By the time we left RI at 4PM, we were stuffed with saganaki and fresh corn and watermelon, and the IKEA stop went well - new organizational tools for the office, whee!
Doesn't that all sound boring? That was my weekend. But it felt so good, so relaxing, all the rush and hurry of my city week just drained out of me. My parents' house is this oasis of neat and comfortable calm and their company buoys me up. I wish they lived closer, I wish I had a car and I love my city life and the subways and the heat and the calamitous fun but this weekend, a little, I wish I lived someplace where it was easier to remember what's great about summer. Fresh corn, flip-flops on grass, afternoon rests on cool wide sofas, the sparkling bay blinking through the trees as you turn onto a quiet boulevard in the air-conditioned car ... I will just have to make all those things happen for me here.
Except the car part. After two hours approaching the Trib in traffic last night with a seriously full bladder, I don't need the car much.
Click here to see the whole set of pictures from our trip.
Stories, as always, to follow.
There were two evil demons on our flight home yesterday and no, I don't watch too much Buffy. One was this little hellion scream-demon in the shape of a three year old child which, if you're counting, is way too old to still be excused from SCREAMING THE ENTIRE FLIGHT, and by the way? In case you feel like sympathizing with him? Had a MULLET.
The second was this Englishman who just set his entire nation back about two billion points for being the rudest human being I have ever wanted to poison slowly with bleach - his pile of electronics which spilled into the aisle actually tripped a moderately old lady flat on her face and all he grunted was "jeez, SORRY" when everyone gasped with concern, as he went back to his movie. He also stretched out to sleep over both his wife AND child, as they lay trapped in their seats under his bulk.
I tell you this by way of blaming both the Hellion and the Asshole for the cold I got on the plane. The terrible no-good screaming-throat snotty-nose cold that's knocked me for six and people, I don't GET sick. I had to call in sick this morning which broke my hard-working little heart (ahem) because nothing looks more sketchy than calling in sick the day after a vacation, but I figure once I tell them about Hellion and the Beast they'll forgive me.
Oh, and England was great, thanks.
We're off to the Isle of Wight today. I keep referring to it as "going home to England" because it's Stuart's home and in a way, it feels like mine, too - or one of them.

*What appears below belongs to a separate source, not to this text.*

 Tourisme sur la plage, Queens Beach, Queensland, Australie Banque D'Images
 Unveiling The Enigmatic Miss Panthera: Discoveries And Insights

My gorgeous gracious mother-in-law is celebrating a birthday and we'll be there to celebrate it with her, in the garden with friends and barbeque and wine.
I find it amusing that we're skipping London entirely this time. On the way in, we get a ride from the always brilliant Dave from Heathrow down to Southampton where we catch the ferry to the island. On the way back, we're riding the rails to the home of the darling Uborkites to spend our last night with them, before catching a coach from Reading to Heathrow. Skipping London completely! This is unthinkable to 20-year-old me, who adored London and couldn't really see the merit of visiting the rest of England. Now, I feel like I've seen enough of London and love visiting England for the people - and the peace and quiet of the relative country.
I didn't do a packing spreadsheet this time, but I did write down notes about what I was taking and our suitcase is meticulously packed on the floor of our bedroom. Tickets and passports and documents galore are all ready, as is a ziploc bag full of cables and chargers. Last time, there were so many petit disasters surrounding the trip:
1. Have BA international flights canceled because of strike at Heathrow, fly Newark-Detroit-Amsterdam-UK with 2 hours notice to be at the airport in Newark.
2. Stupidly nearly lose Most Important Document Ever, cause mayhem and heartache to everyone around us, mostly my dad who was on the receiving end of some very panicked UK-US cell phone calls from the Portsmouth ferry terminal.
3. Okay, that's only 2 petit disasters but damn, they were big enough.
This time, I'm determined that everything within my control (I'm looking at you, AIRPLANE) will be under control. We're packed well, we're organized well, we've printed out everything we need, and we're going to travel in style, not chaos.
So off we go to England. I am, as they say, chuffed. See you darlings when I land stateside again.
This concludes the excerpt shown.